■ Data provided ■
━━━━━━━━━━
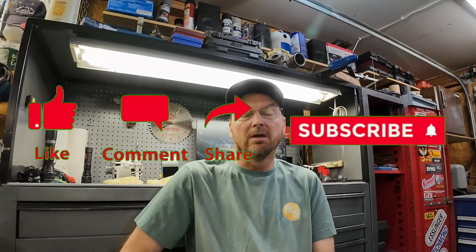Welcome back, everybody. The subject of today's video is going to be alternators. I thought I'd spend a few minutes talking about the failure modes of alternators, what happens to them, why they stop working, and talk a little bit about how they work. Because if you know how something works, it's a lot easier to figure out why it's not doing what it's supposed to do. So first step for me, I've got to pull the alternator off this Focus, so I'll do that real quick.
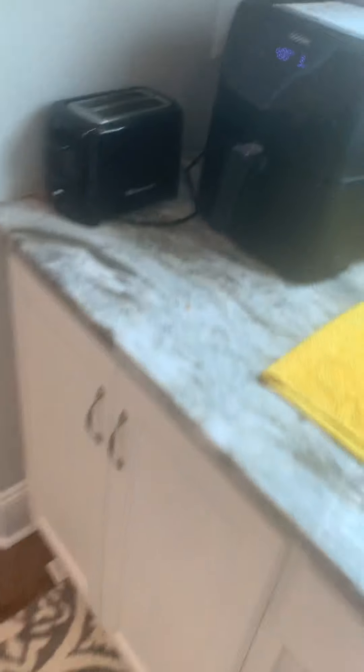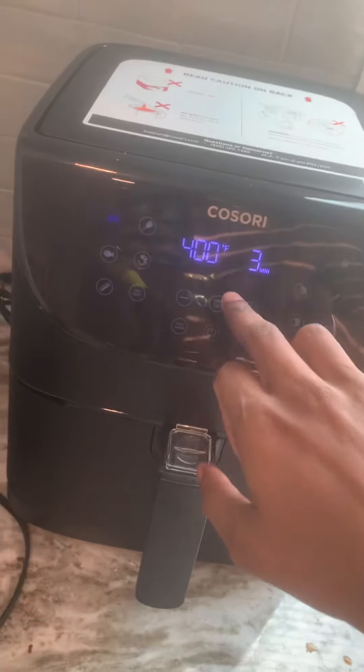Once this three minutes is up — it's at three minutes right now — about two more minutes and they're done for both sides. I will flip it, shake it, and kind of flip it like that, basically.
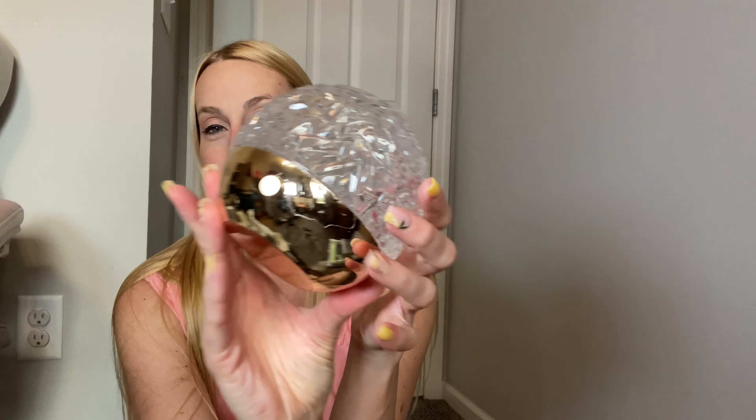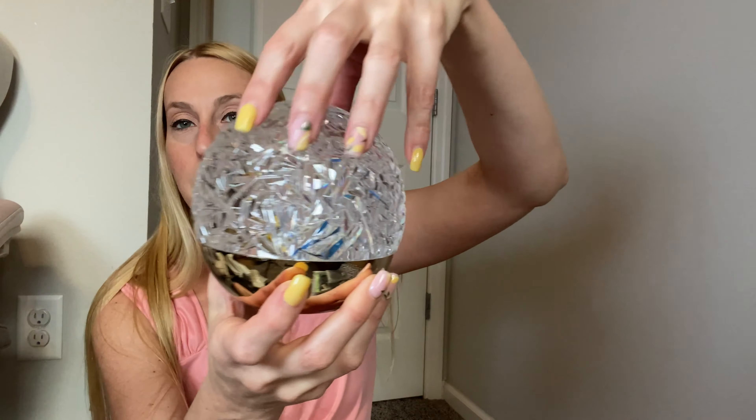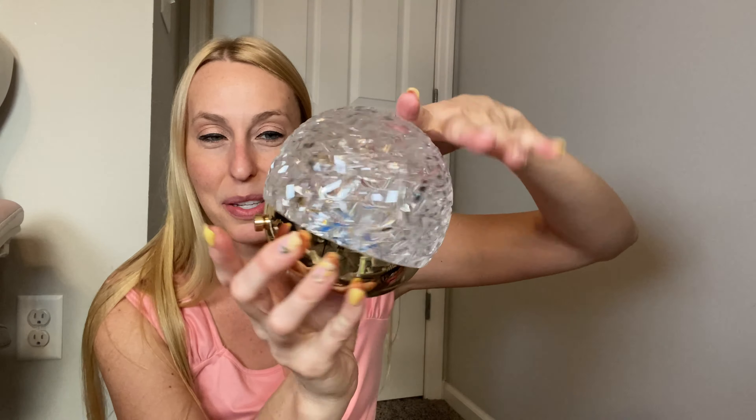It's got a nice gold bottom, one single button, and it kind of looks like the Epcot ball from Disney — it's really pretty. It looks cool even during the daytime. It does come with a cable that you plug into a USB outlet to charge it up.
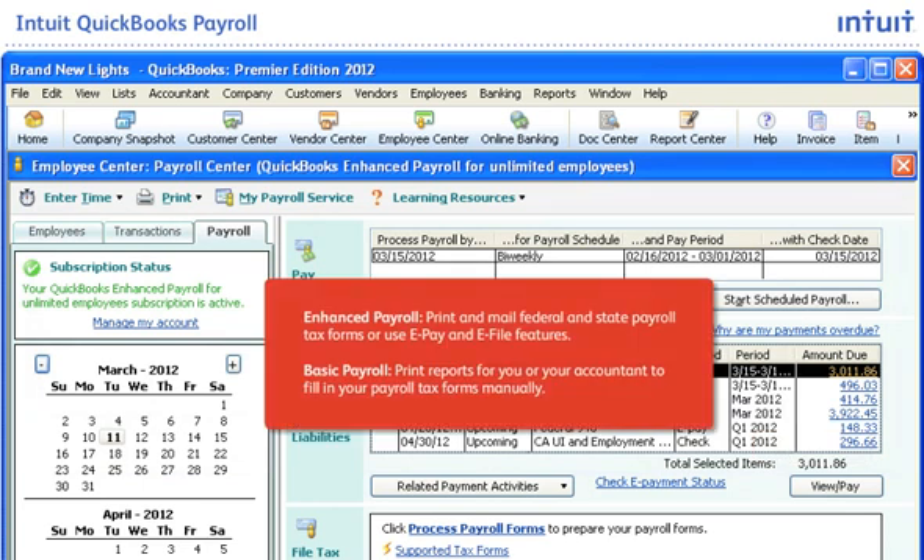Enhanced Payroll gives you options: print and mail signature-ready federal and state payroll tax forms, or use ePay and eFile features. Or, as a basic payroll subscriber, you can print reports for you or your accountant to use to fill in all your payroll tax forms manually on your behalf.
━━━━━━━━━━
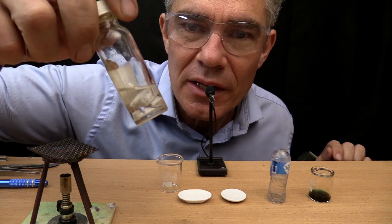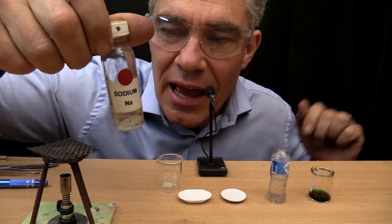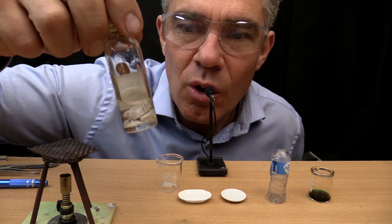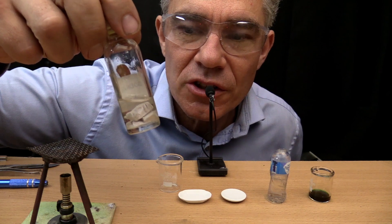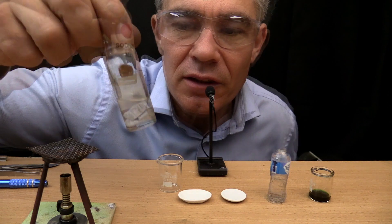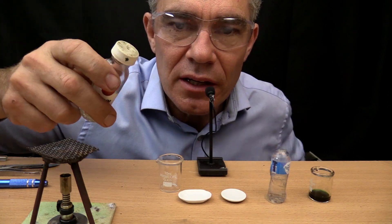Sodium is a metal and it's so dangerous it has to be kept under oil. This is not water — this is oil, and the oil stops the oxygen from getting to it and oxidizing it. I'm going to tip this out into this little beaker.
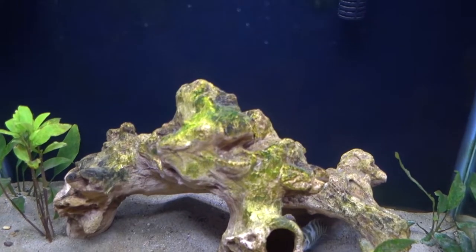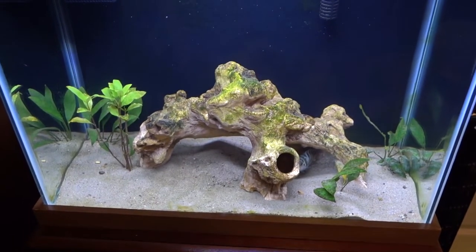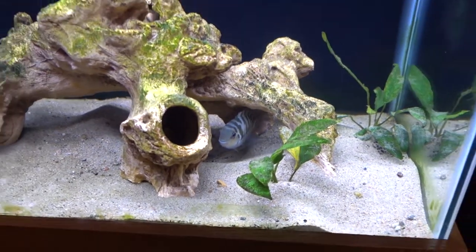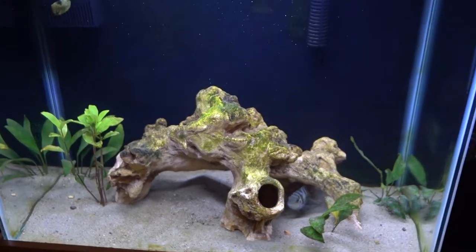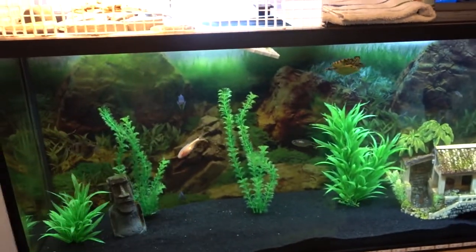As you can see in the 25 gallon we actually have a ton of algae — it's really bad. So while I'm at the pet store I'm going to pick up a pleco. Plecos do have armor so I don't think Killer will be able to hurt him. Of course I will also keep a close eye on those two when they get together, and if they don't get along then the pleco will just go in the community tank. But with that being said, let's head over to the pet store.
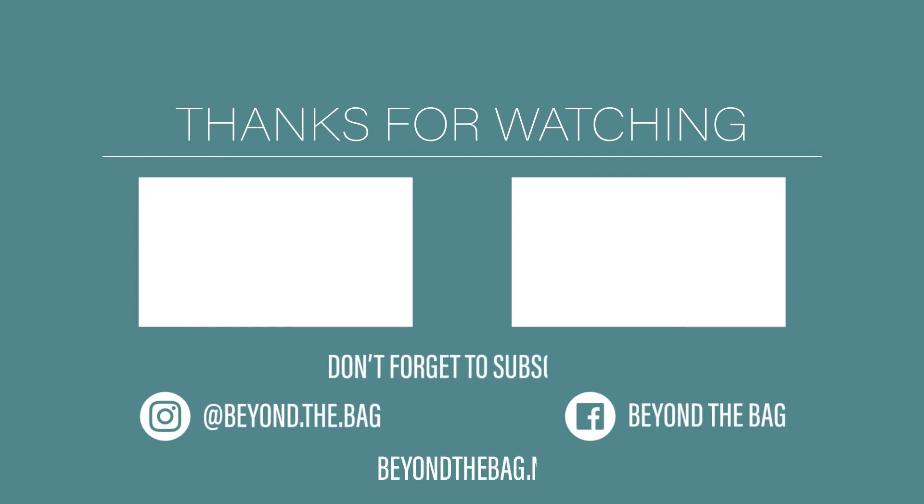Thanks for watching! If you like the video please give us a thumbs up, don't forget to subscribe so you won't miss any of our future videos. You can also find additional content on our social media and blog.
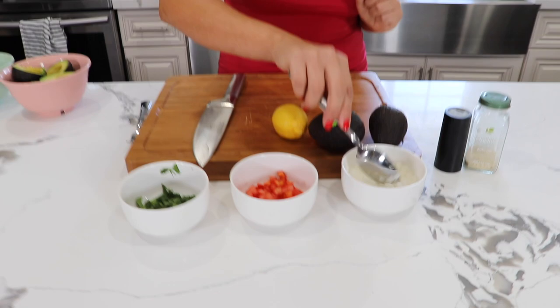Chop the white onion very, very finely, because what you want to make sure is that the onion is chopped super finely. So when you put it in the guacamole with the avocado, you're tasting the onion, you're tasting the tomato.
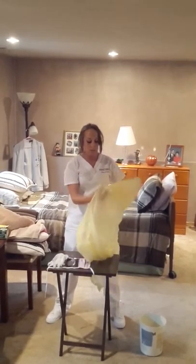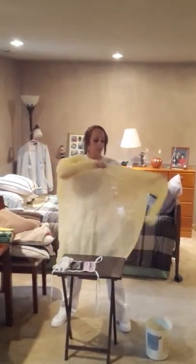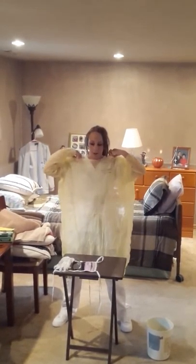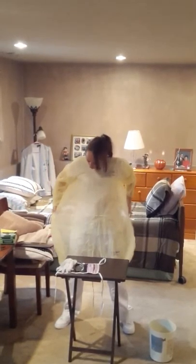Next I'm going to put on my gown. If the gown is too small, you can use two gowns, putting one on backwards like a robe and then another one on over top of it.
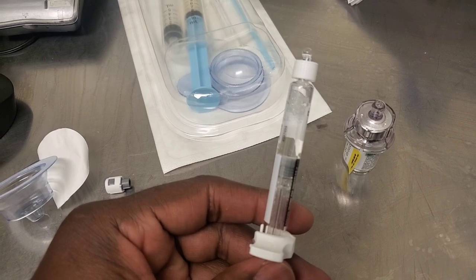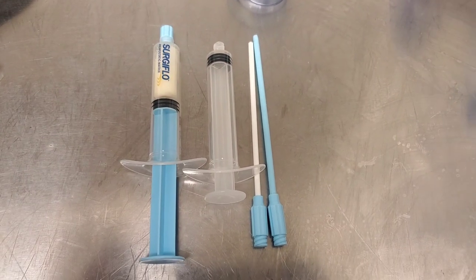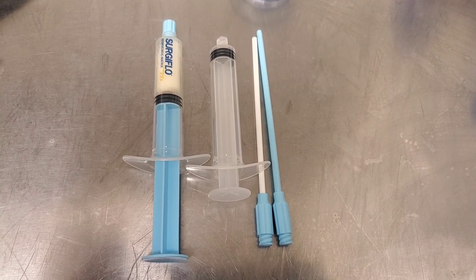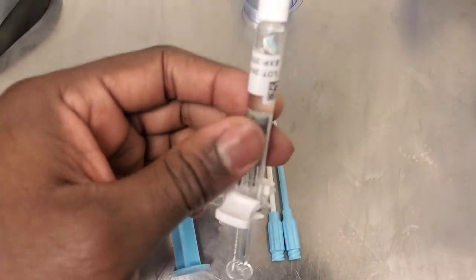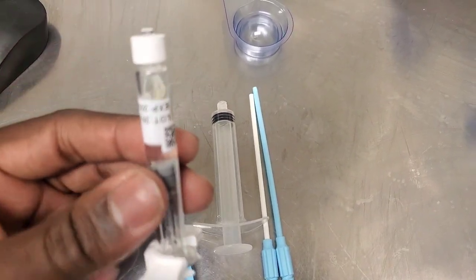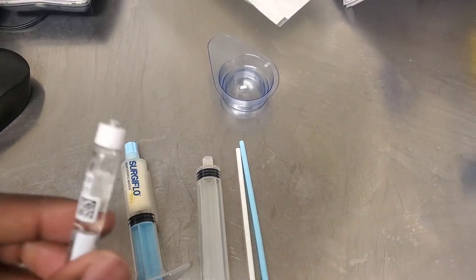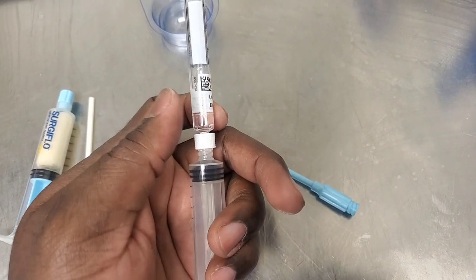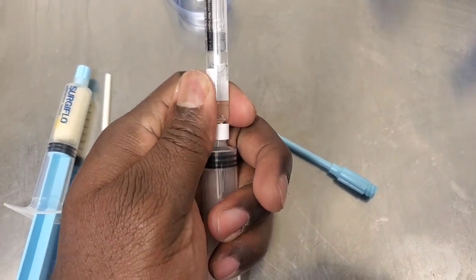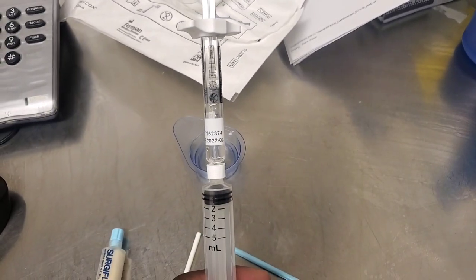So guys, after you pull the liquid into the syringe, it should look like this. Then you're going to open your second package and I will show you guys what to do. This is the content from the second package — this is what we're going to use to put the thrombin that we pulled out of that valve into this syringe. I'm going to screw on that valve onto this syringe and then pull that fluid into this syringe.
━━━━━━━━━━
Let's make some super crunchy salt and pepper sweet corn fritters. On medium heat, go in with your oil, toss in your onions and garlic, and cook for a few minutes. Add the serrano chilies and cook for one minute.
━━━━━━━━━━
Copy the entries above exactly, but only the stretch from the line containing "Welcome back, everybody." through the line containing "Once this three". Keep both end lines; drop the pictures.

Welcome back, everybody. The subject of today's video is going to be alternators. I thought I'd spend a few minutes talking about the failure modes of alternators, what happens to them, why they stop working, and talk a little bit about how they work. Because if you know how something works, it's a lot easier to figure out why it's not doing what it's supposed to do. So first step for me, I've got to pull the alternator off this Focus, so I'll do that real quick.
Once this three minutes is up — it's at three minutes right now — about two more minutes and they're done for both sides. I will flip it, shake it, and kind of flip it like that, basically.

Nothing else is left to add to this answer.